The Problem: LLM Latency is Killing Your User Experience
Picture this: Your user clicks "Generate Report" in your AI-powered app. They wait. And wait. And wait some more. 10 seconds later (which feels like an eternity in user time), a complete response finally appears. By then, they've probably already started questioning whether your app is broken.
This is the reality of working with Large Language Models (LLMs). Whether you're using OpenAI's GPT, Google's Gemini, or any other LLM API, response times typically range from 5-15 seconds for complex queries. In today's instant-gratification world, that's simply too slow.
The Solution: Streaming Creates the Illusion of Speed
Here's where streaming comes to the rescue. Instead of waiting for the complete response, streaming allows you to show partial results as they're generated. This creates a powerful psychological effect - users see immediate progress, making the wait feel much shorter.
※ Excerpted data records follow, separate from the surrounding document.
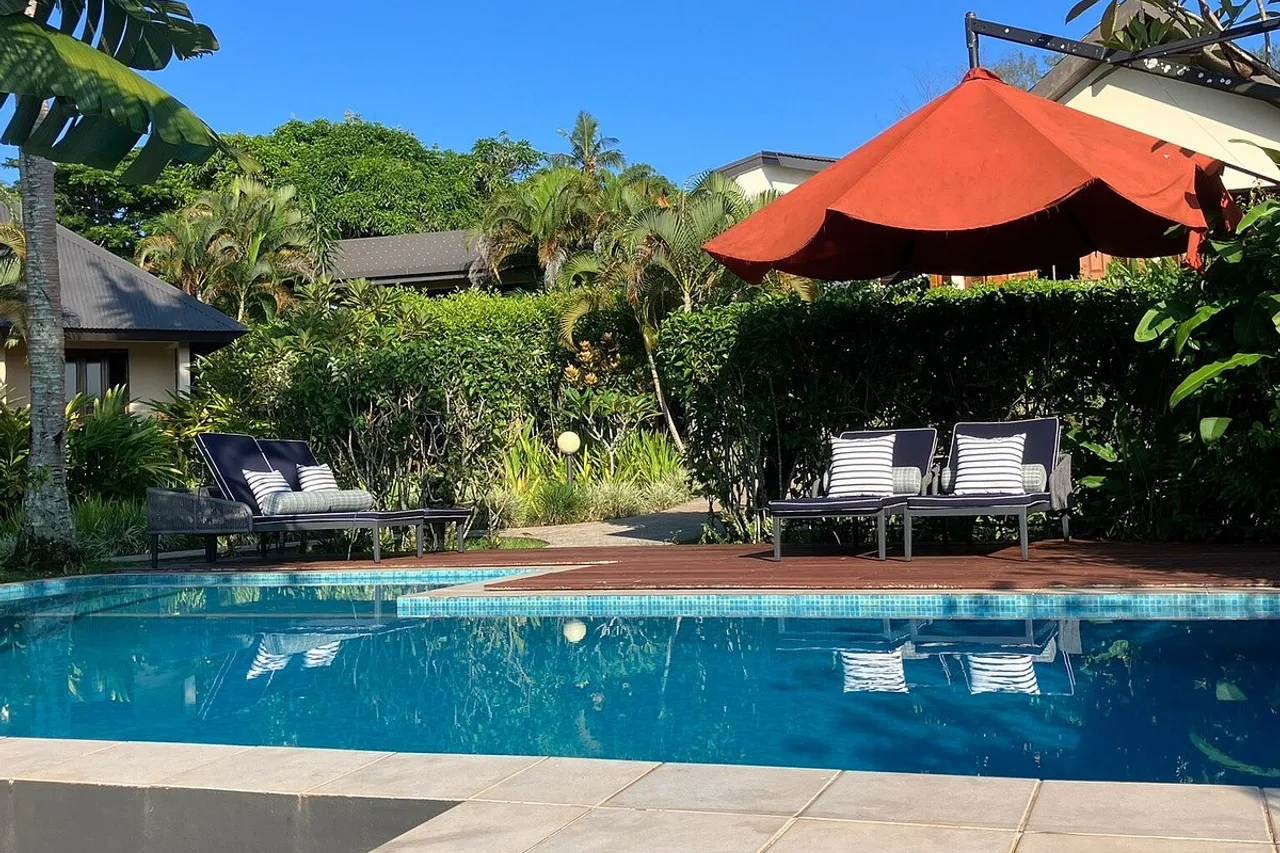 Mangoes Resort — ภาพห้องพักและบรรยากาศ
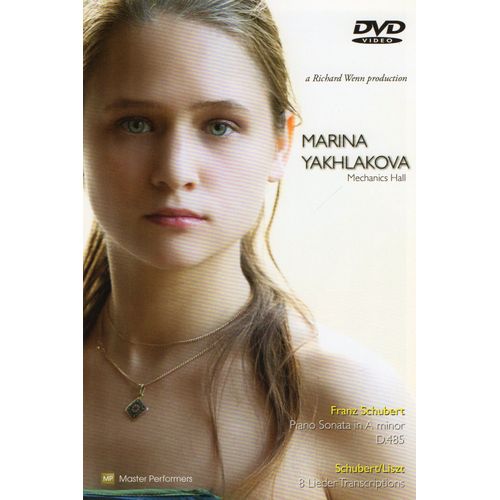 Marina Yakhlakova : Franz Schubert Piano Sonata In A Minor D.485 - Liszt 8 Lieder Transcripions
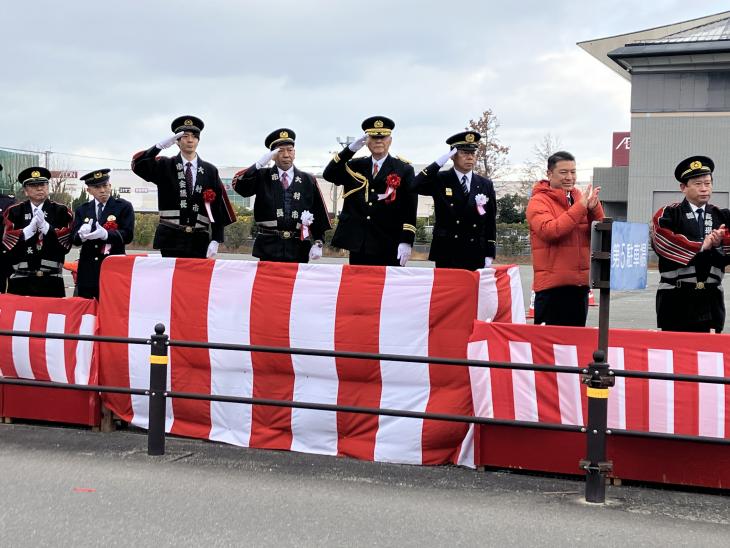 大村市消防出初式の様子3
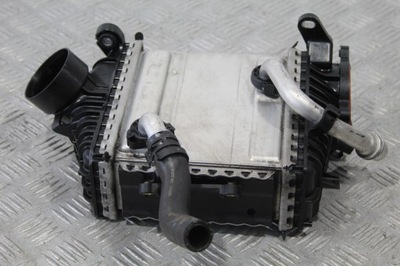 Радиатор интеркулер e-klasa w213 a6540101004 фото №1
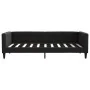 Sofa bed with black fabric mattress 90x190 cm by vidaXL, Beds and slatted bases - Ref: Foro24-3196572, Price: 331,08 €, Disco...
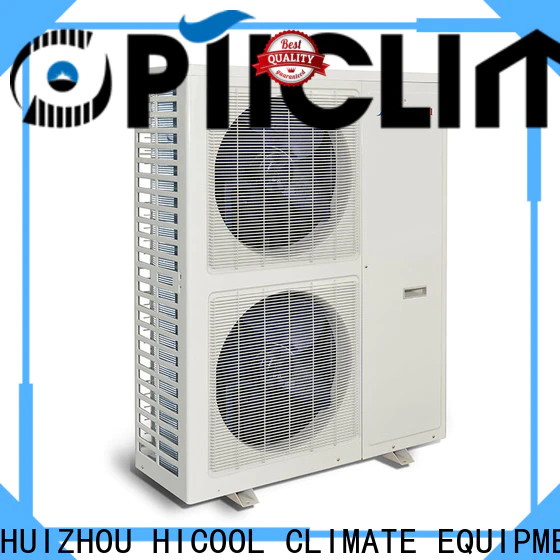 HICOOL water cooled evaporative air conditioning from China for hot-dry areas
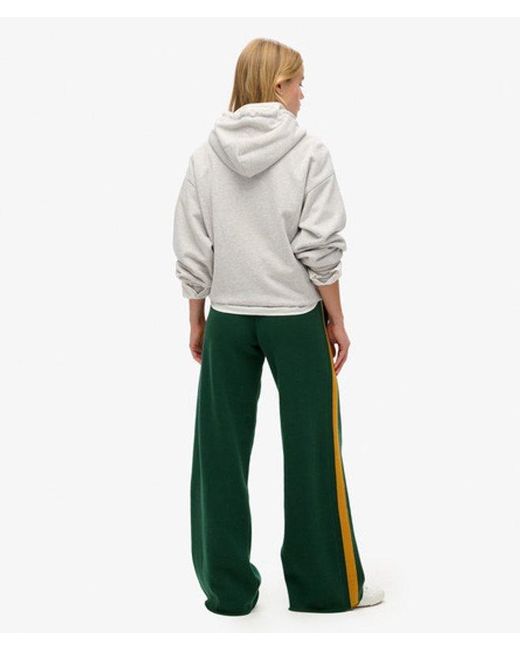Superdry White & Co Essential Logo Straight joggers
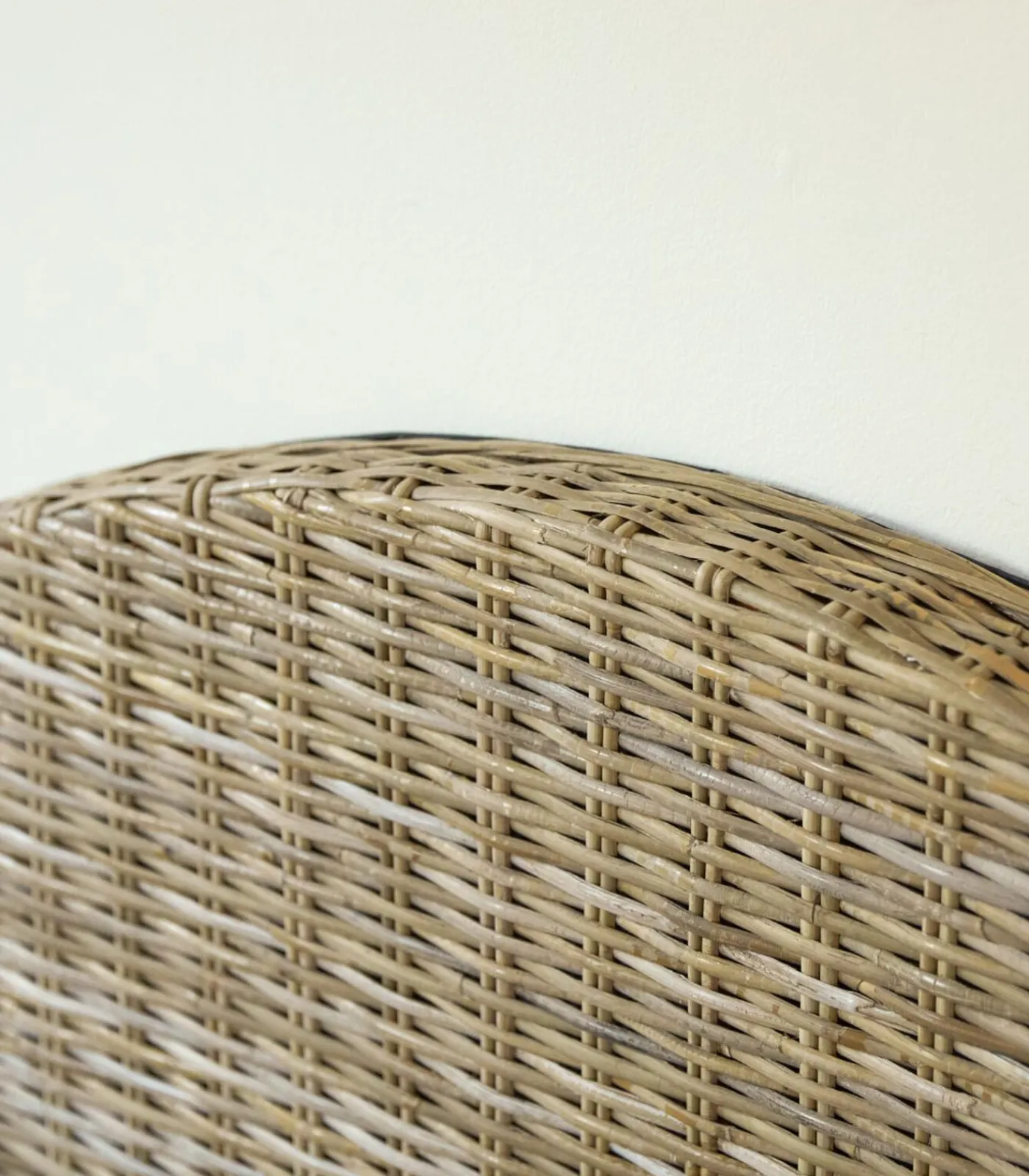 Clearance Louison - Hoofdbord van kubu 160 cm Bedden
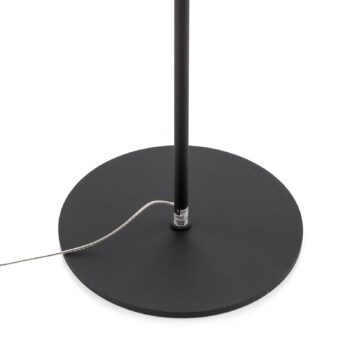 Stojacia lampa ICONE Vera LED 930 čierna
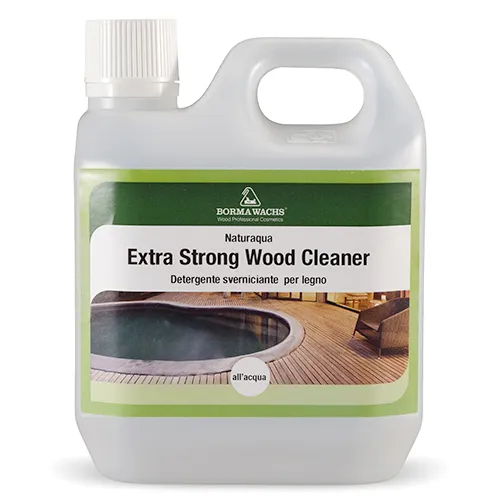Подготовка поверхности: Extra Strong Wood Cleaner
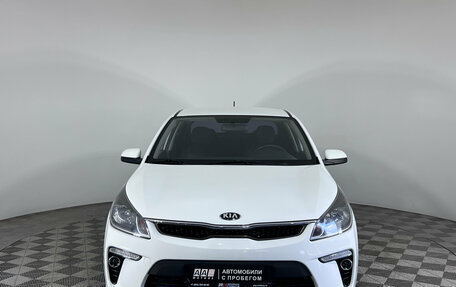 KIA Rio IV, 2018 год, 1 220 000 рублей, 2 фотография
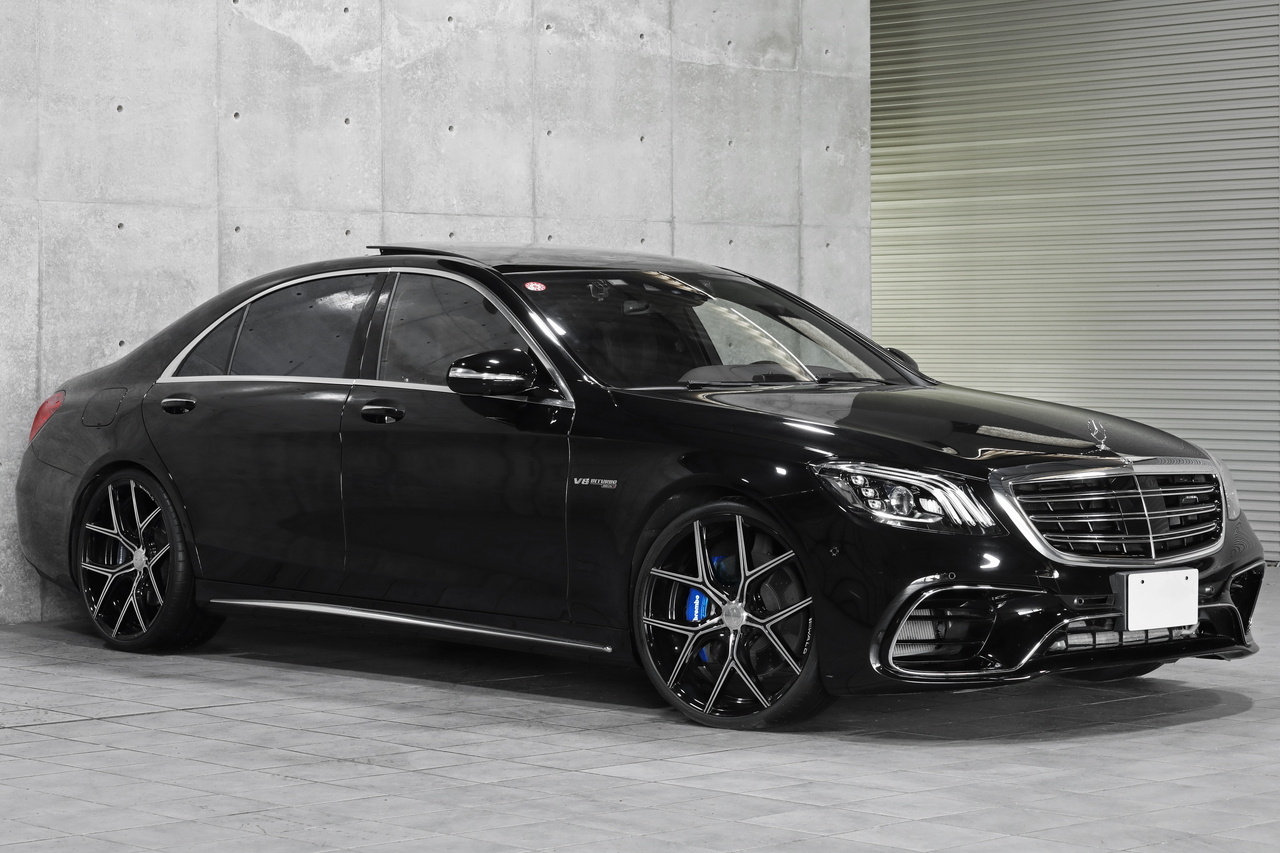 2017 Mercedes-Benz S CLASS null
Think about how ChatGPT works. It doesn't wait to generate the entire response before showing it to you. Instead, it streams the response token by token, creating that satisfying typewriter effect that keeps you engaged.
Basic Text Streaming Example
Here's how you can implement basic text streaming with Python using the new Google Gen AI SDK:
# Example with Google Gen AI SDK (Recommended)
from google import genai
client = genai.Client(api_key="YOUR_GEMINI_API_KEY")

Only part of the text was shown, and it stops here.